For greater social outcomes, we must organise as a system
Take Australia’s agricultural industry, for example. It competes in a global market with the help of a coordinated network of Rural Research and Development Corporations, part funded by government, part by industry. They commission research, support the application of new ideas, and provide training to farmers. While one egg producer competes against another in the supermarket, the Australian Egg Corporation Limited Corporation is raising the benchmark for performance across the board. Everyone wins.
Unfortunately, the approach to competition and collaboration can be quite different in NGO ‘markets’. For example, at TACSI, we’re currently working with NGOs to address addiction across a city. The services compete for contracts in a government quasi-market, which means they don’t share what they know about what works (or what doesn’t) with each other. Each believes they have the best service, but they can’t all be right.
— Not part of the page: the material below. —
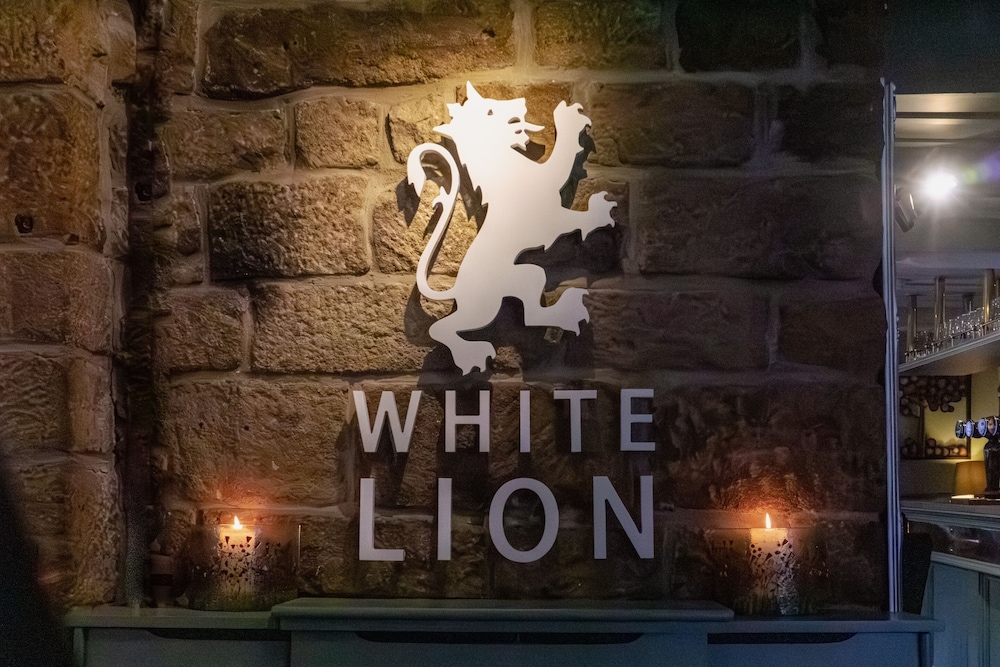 White Lion Hotel 42/50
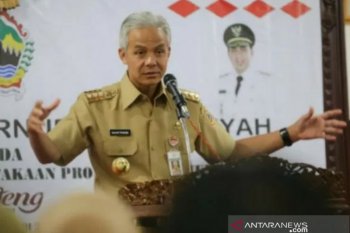 Antisipasi COVID-19, Ganjar tutup destinasi wisata dan tempat hiburan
Who does this market benefit? It’s not good for people living with addiction, because they can’t make the informed choice between the options, the way they might between eggs at a supermarket. It’s not good for the taxpayer because it doesn’t allow the most effective ‘value for money’ approaches to emerge. And it’s not good for mission driven providers because it prevents them from learning about what works best, for whom, when and how. Markets like this stifle innovation, and thwart value for money at their best. At their worst, they perpetuate harm and injustice.
A number of value-driven not-for-profit service providers pursue innovation because they believe in better outcomes, but the lack of formal incentives to innovate is remarkable. For the most part, finding a better way of doing things will not guarantee service providers a better bottom line, the take-up of their innovation, or status or recognition. Organisations engaging in innovation risk their bottom line, and risk developing new service models that work better, yet don’t fit tightly prescribed contracting guidelines.